One Star

Migrate Data from other databases like Oracle to Greenplum

Hi,
I am working on Migrating the data from other databases like Oracle to the PostgreSQL Greenplum database in Job.
What I am thinking to do is using tOracleInput as input with a tMap and then tGreenplumOutput as output.
Any suggestions/tips on this?
Thanks,
A
2 REPLIES
Community Manager

Re: Migrate Data from other databases like Oracle to Greenplum

Hi
Yes, you are on the right track, use a tOracleInput to query records from Oracle, do some transform on tMap if needed, and then load them into target database Greenplum with tGreenplumOutput.
Best regards
Shong
----------------------------------------------------------
Talend | Data Agility for Modern Business
One Star

Re: Migrate Data from other databases like Oracle to Greenplum

Hi
Yes, you are on the right track, use a tOracleInput to query records from Oracle, do some transform on tMap if needed, and then load them into target database Greenplum with tGreenplumOutput.

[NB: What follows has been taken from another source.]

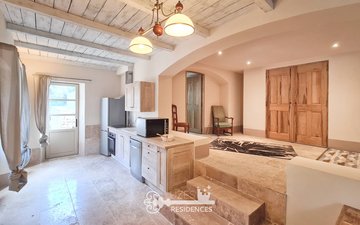 Property slide 16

I have a similar map which is resulting in very poor throughput (10 rows per second)
tOracleInput -> tConvertType -> tMap -> tGreenplumOutput
I enabled parallel execution for the map:
At tOracleInput ... Parallelization Partition row to 6 child threads
No change at tConvertType
No Change at tMap (by default it was departitioning)
Enabled parallel execution for tGreenplumOutput in Advanced Settings for the component.
With this parallel execution set up I get 3000 rows/sec. I have 300,000 rows in the Oracle source table. The job finishes in a minute but then hangs for over a couple of hours.
If I reduce the number of records in the source table to 1000 only then the job hangs after execution for 1 minute and then finishes successfully.
By "Job hangs" I mean that the "Kill" button is active and the job exit status is still not visible on the console.
What am I doing wrong? Can the job be created in a way to provide good throughput and finish quickly?